Studio album by Jean-Jacques Goldman
- Released: 26 August 1997
- Recorded: April – August 1997 Studio Kevin Mobile Studio Mega Studio Gimmick
- Genre: Pop
- Length: 47:03
- Label: Columbia/Sony BMG
- Producer: Jean-Jacques Goldman

Jean-Jacques Goldman chronology
| Singulier 81/89 (1996) | En passant (1997) | En passant tournée 1998 (1998) |

Singles from En passant
- "Sache que je" Released: 1997; "Quand tu danses" Released: 1998; "Bonne idée" Released: 1998;

= En passant (Jean-Jacques Goldman album) =

En passant is a 1997 album recorded by the French singer-songwriter Jean-Jacques Goldman. The CD was produced between April and August 1997 in collaboration with Erick Benzi at the Kevin Mobile, Mega and Gimmick studios, and was released on the Columbia/Sony BMG record label on 26 August 1997.

Professional ratings
Review scores
| Source | Rating |
| Allmusic |  |

==Album information==
The CD uses the HDCD format, which improves the quality of the audio (compared to regular CDs) when played back in a suitable player. The album is intimate and contains acoustic and blues melodies. It mainly deals with death ("On ira", "En passant") and love ("Sache que je", "Quand tu danses", "Les Murailles").

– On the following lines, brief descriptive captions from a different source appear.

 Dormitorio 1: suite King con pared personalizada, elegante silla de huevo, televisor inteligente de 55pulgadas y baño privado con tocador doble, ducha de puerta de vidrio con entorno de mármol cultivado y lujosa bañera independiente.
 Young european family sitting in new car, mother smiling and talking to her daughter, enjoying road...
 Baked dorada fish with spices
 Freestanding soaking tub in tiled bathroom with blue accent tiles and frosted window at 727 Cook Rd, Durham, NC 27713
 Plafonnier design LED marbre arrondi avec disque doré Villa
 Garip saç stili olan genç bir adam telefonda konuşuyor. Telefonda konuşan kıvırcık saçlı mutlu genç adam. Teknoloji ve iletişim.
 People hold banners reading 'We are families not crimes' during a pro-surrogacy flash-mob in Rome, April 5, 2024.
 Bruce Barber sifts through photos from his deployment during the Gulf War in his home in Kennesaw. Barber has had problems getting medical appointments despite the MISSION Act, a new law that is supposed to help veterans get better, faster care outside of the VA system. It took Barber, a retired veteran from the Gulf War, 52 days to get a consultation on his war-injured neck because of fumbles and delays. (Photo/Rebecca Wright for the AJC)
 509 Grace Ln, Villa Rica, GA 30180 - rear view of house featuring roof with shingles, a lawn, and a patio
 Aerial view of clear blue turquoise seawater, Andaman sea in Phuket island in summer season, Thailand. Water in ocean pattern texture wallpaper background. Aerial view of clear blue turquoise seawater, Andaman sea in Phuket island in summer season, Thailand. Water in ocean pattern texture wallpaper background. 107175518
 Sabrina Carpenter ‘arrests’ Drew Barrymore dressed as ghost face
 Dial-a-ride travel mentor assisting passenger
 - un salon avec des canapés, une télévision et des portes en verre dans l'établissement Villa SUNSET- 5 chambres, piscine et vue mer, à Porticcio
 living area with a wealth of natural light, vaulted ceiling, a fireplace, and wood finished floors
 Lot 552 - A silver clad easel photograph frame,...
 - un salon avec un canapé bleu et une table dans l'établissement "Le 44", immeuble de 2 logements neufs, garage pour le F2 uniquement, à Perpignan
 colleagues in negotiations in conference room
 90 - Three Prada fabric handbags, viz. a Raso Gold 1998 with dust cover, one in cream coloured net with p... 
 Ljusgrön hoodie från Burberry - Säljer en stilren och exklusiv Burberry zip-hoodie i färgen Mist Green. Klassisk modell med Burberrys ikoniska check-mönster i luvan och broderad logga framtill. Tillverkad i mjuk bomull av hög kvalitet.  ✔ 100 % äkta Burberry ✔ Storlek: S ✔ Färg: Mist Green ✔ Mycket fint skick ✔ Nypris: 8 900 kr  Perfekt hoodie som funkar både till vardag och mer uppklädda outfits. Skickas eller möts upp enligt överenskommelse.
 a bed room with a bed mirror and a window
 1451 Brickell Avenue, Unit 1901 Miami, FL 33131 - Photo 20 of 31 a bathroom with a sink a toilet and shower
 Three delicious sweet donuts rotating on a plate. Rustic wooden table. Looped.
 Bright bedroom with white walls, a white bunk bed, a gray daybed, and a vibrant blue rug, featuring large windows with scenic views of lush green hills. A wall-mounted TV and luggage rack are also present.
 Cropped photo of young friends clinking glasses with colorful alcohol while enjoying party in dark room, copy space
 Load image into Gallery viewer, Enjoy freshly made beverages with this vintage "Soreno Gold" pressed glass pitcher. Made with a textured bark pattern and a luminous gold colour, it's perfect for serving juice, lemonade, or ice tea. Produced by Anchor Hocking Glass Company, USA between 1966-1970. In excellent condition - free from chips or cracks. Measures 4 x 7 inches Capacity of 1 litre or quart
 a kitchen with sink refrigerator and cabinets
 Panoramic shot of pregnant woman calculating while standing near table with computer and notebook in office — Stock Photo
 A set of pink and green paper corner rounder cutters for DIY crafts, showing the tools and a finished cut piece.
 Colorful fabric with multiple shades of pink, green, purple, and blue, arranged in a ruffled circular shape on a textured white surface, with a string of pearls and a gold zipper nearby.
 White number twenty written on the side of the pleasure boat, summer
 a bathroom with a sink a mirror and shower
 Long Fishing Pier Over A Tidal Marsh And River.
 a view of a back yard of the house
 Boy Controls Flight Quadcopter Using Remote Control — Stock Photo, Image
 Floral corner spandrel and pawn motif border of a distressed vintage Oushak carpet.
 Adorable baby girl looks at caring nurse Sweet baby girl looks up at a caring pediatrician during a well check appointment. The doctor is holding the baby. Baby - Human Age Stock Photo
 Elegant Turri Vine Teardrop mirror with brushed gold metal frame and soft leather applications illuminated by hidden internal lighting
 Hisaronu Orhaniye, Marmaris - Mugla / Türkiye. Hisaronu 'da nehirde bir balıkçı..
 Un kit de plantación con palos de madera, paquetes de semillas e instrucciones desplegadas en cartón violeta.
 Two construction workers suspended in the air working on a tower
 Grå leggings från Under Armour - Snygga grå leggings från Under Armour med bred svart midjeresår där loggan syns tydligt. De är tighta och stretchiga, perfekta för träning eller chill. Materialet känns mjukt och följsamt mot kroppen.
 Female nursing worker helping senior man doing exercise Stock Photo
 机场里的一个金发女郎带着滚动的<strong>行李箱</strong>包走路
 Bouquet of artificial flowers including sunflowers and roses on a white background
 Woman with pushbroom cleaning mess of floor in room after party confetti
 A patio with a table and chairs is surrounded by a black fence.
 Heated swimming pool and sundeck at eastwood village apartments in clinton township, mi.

The album went straight to number one on the SNEP albums chart in France and remained for 82 weeks in the top 200. In Belgium (Wallonia), it also debuted at number one and totaled 65 weeks on the chart. It was only ranked for ten weeks in Switzerland, but earned a Platinum disc. It was less successful in Belgium (Flanders) where it stayed for six weeks on the charts (top 50).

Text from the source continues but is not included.